The crowd in Sydney's Town Hall Square poured into the streets of George and Bathurst, thousands of people gathered to push on climate change.
While a giant inflatable earth was being tossed around the square, the songs of "Hey hey, ho ho, Adani's mine had to go" and "The climate action now" echoed through the city.
Angela Clark participated in the protest with her daughter, Analise Hoatson, 14, of Cammeray High School. He did not share the concern of the commentators who had criticized the students who were missing from school.
"I could not be more proud," he told Guardian Australia. "Honestly, I don't understand it. What could be more important?"

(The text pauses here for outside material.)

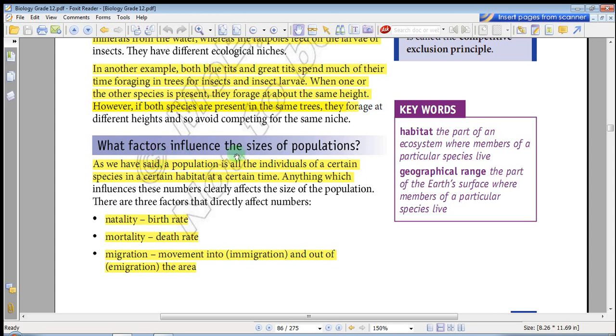The next video will address in detail what factors influence the size of a population. Please subscribe, like, and share.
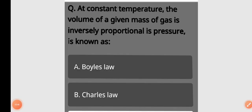Next question: At constant temperature, the volume of a given mass of gas is inversely proportional to its pressure. This is known as Boyle's law. Option B is the correct answer.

The analysis agrees: "It is so important for the rest of terrestrial life," he said.
Jack Howard, 18, and Joseph Naffah, 15, of Glenaeon Steiner School of Middle Cove, both said they felt ignored by politicians.
"What we're doing is showing that we are aware of many climate issues that seem to be the people in power trying to hide," Howard said.
"Politicians absolutely don't care about us," agreed Naffah. "The government is saying that these children do not understand what they are doing. In fact, we have been educated."
In Wagga Wagga, columnist for Guardian Australia Van Badham has this:
The climate is actually a much bigger problem in the Riverina headquarters (Wagga Wagga) than Michael McCormack than he really would like. Climate issues have dominated the debates of the candidates held here for the NSW state elections. You can't fuck farmers about climate change.
Today a mix of amazing students and university students marched up and down Bayliss Street, Wagga's main street, singing "Wake up, Wagga!" With applause and public screams (which I think was a surprise for the children). Since they had never organized an official action before today, they picked up a replica of Wilcox's comic.